• Exercise directions:
Copy exactly the lines of the data below, beginning with the line with "お弁当を食べているＭ字美少女" and ending with the line with "(lot of 3) Art glass group". Pictures are to be omitted.

• Materials provided:
....................

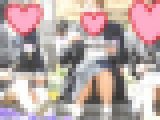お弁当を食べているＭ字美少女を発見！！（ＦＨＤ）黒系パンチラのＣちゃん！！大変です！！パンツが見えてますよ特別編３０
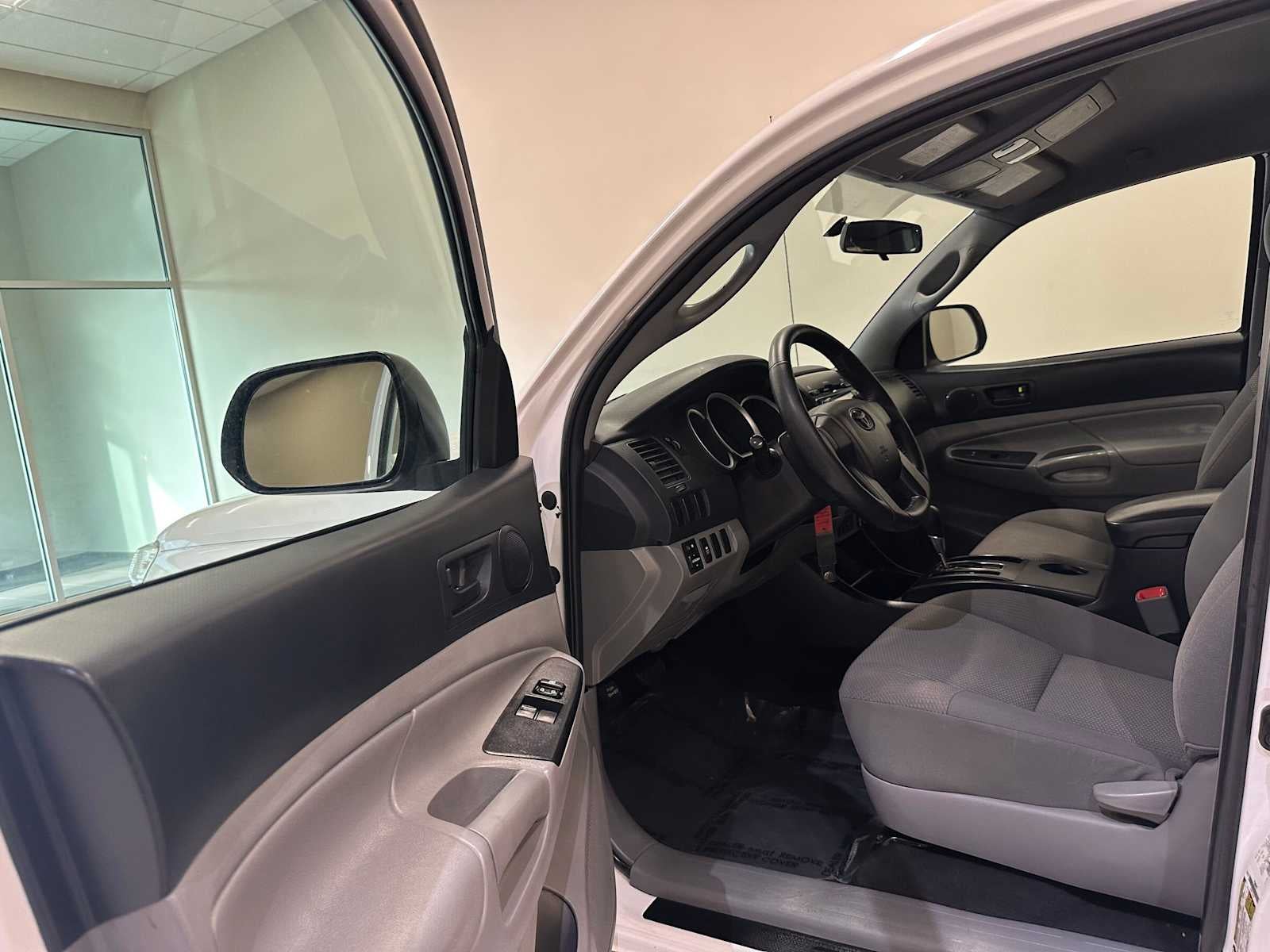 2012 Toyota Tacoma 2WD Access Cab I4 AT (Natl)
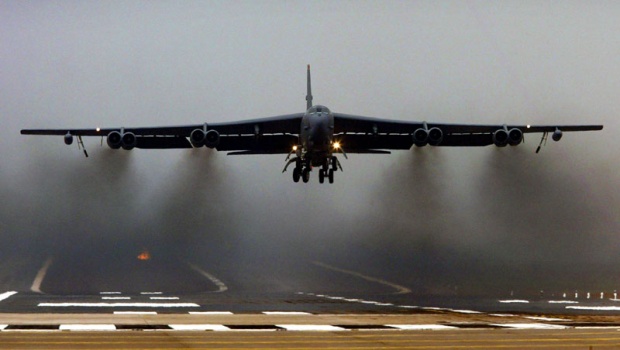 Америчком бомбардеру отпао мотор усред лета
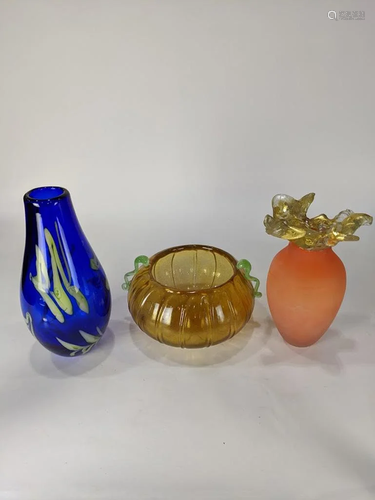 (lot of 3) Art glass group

....................

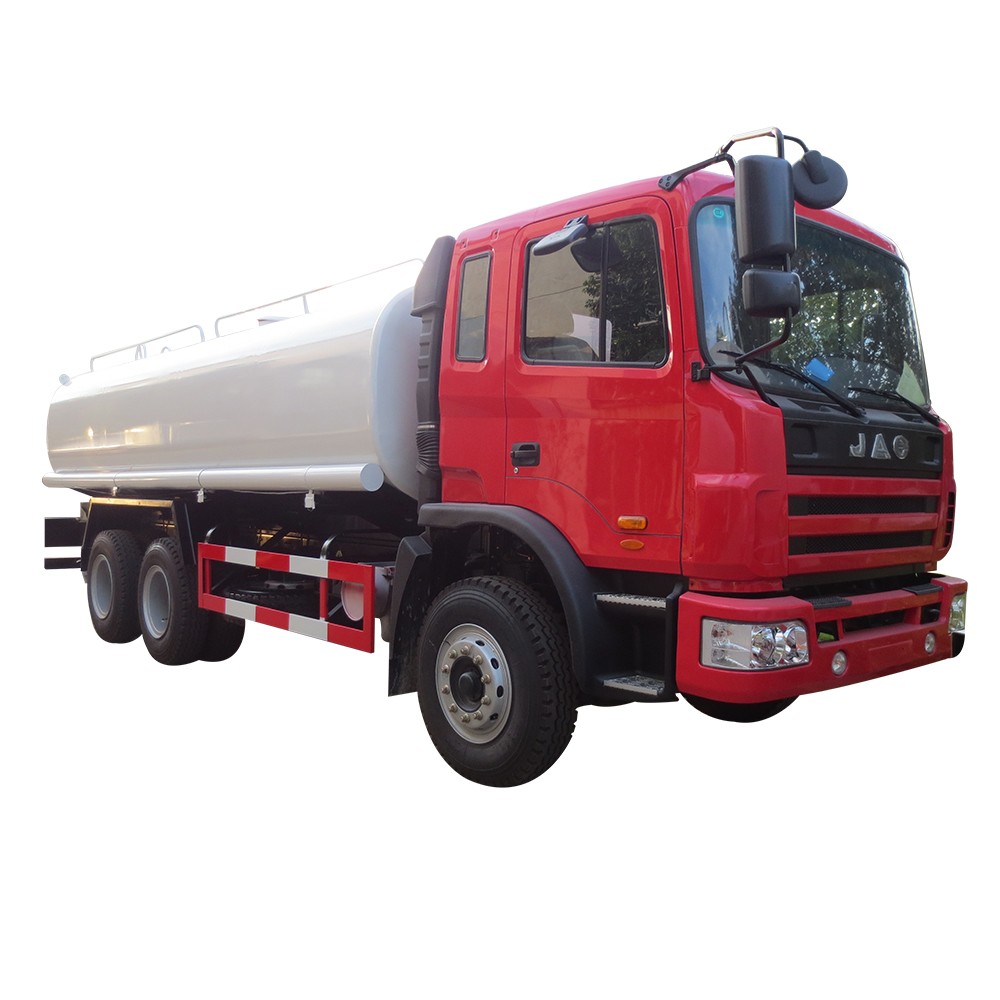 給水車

....................

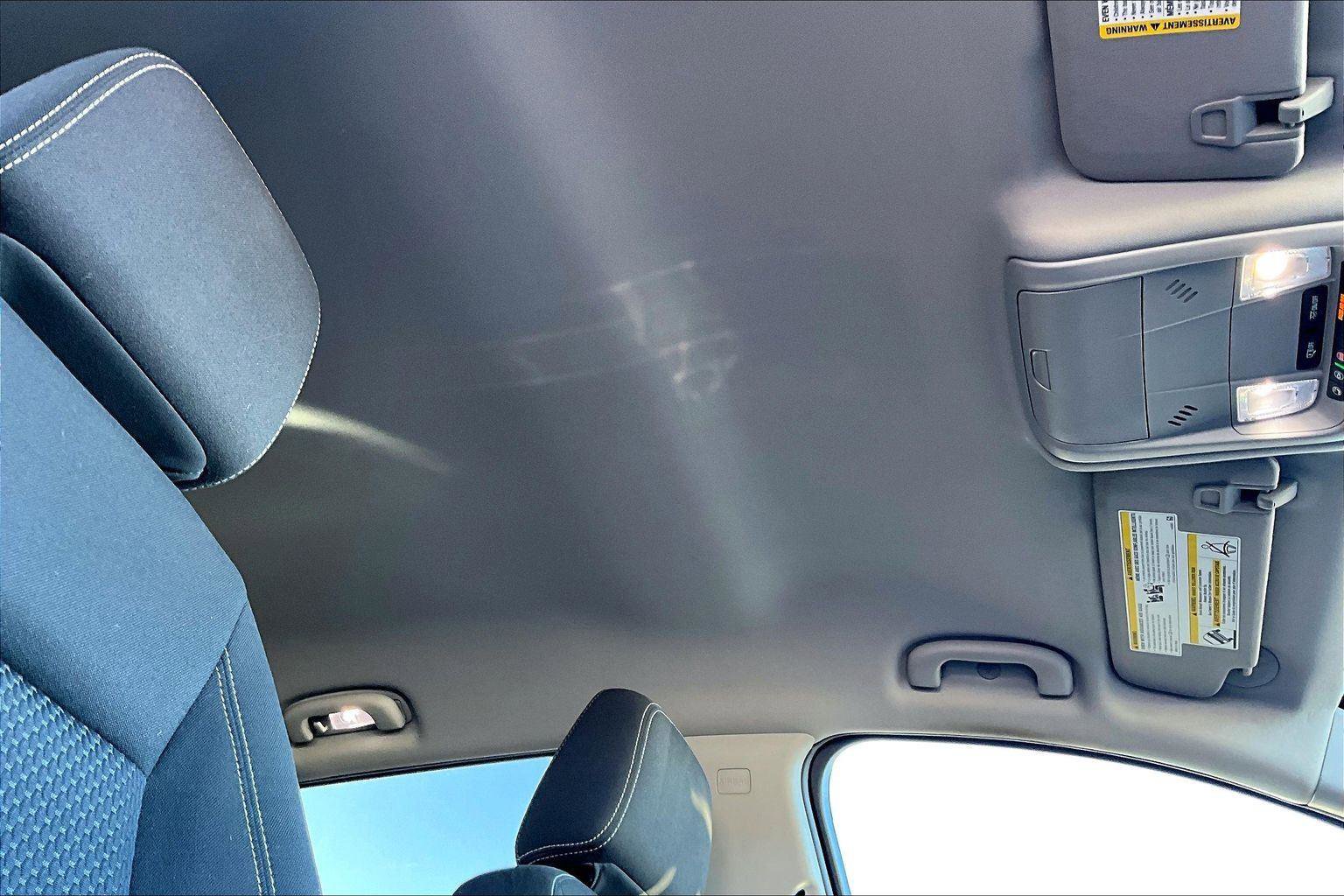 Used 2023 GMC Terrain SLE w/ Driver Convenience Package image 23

....................

• Written solution:
お弁当を食べているＭ字美少女を発見！！（ＦＨＤ）黒系パンチラのＣちゃん！！大変です！！パンツが見えてますよ特別編３０
 2012 Toyota Tacoma 2WD Access Cab I4 AT (Natl)
 Америчком бомбардеру отпао мотор усред лета
 (lot of 3) Art glass group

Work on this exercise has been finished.